The Conemaugh Valley Conservancy found seven fish less than a year old and one small adult during a survey earlier this month in the Kiski Township stream, along the Roaring Run trail’s secondary trail known as Rock Furnace.
The survey on Aug. 14 also turned up stonecat catfish — small catfish that live within riffles of fast moving water.
“It was a significant finding for both fish because they are indicators of good water quality, and that is what we work for,” said Chris Garbark, program director of the Conemaugh Valley Conservancy, who conducted the survey.
Roaring Run was polluted at some point as the stream fed small mills more than a century ago, including a charcoal-fired iron furnace in the 1800s.
“This is fantastic news,” said Ken Kaminski, president of the Roaring Run Watershed Association, which owns and maintains the Roaring Run and Rock Furnace trails and environs.
“The volunteers have worked hard to clean the water here and it goes to show what can be done,” he said. Roaring Run meanders through watershed association and private property, he noted.
Rare find in Armstrong
The Roaring Run trout might very well be the only known wild population of trout living in Armstrong County, said Sgt.
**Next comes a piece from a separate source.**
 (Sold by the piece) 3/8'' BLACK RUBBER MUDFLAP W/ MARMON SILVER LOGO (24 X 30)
Mike Walsh of the Pennsylvania Fish and Boat Commission in Somerset.
“Down in this corner of the state, it is fairly unusual to have native trout due to the fact that most of the streams have silt and are very warm,” he said. “It is in the most clear, pristine and mountain-type streams that have a reproducing population of trout.”
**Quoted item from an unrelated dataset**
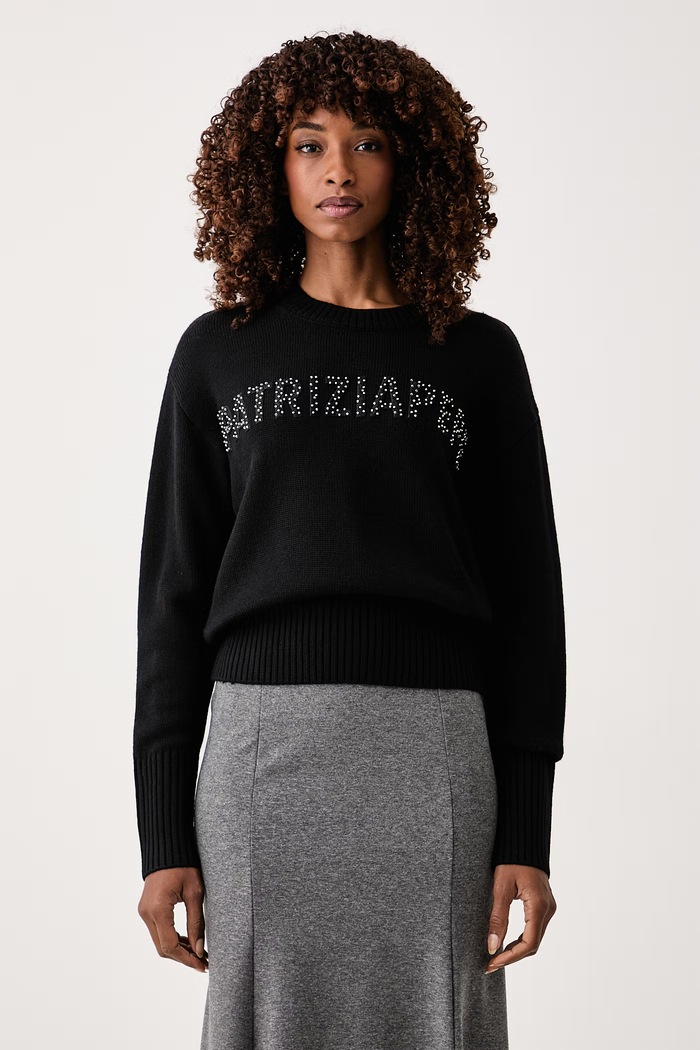 Patrizia Pepe sweter lounge damski z wełną czarny 8K0133.K282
The Pennsylvania Fish and Boat Commission will conduct follow-up surveys, he said.
It could take one or several years to document if enough trout at varying ages are present to classify Roaring Run as a Class A trout stream, Fish and Boat’s top classification for water quality for fishing.
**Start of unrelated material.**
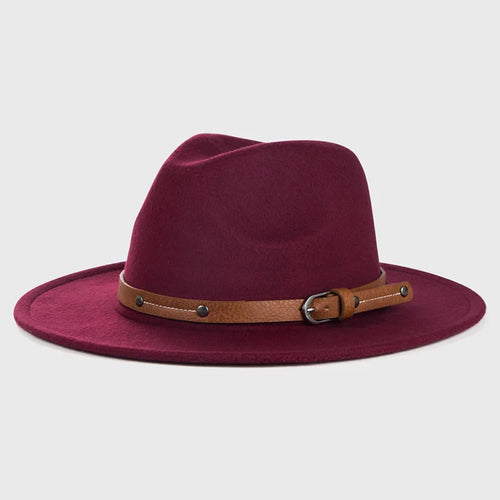 New Autumn Winter Wool Fedoras Hat With Belt For Men Women Wide Flat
There are Class A trout streams in the Laurel Highlands, with the majority of the state’s trout streams located in the center of the commonwealth in mountainous areas, Walsh said.
Not so coincidentally, Roaring Run is a “fast-flowing stream with unique flora that one would see in the Laurel Highlands,” Garbark said. The water runs through a deep ravine and it is usually cold, he said.
The brown trout likely came from the population of trout that have been stocked in the Kiski River for years, he said. It is possible they fish migrated from a different area, he said.
The fish might have come from Apollo-Ridge’s Mike Saxion’s science and social studies classes, who raised and released fingerling trout into Roaring Run for multiple years.
The Conemaugh Valley Conservancy regularly samples the Kiski and other waterways in the Conemaugh watershed to monitor water quality.
The Kiski-Conemaugh watershed is 1,888 square-miles and includes 130 municipalities in the southern portions of Armstrong, Cambria, and Indiana counties and the northern half of Somerset and Westmoreland counties.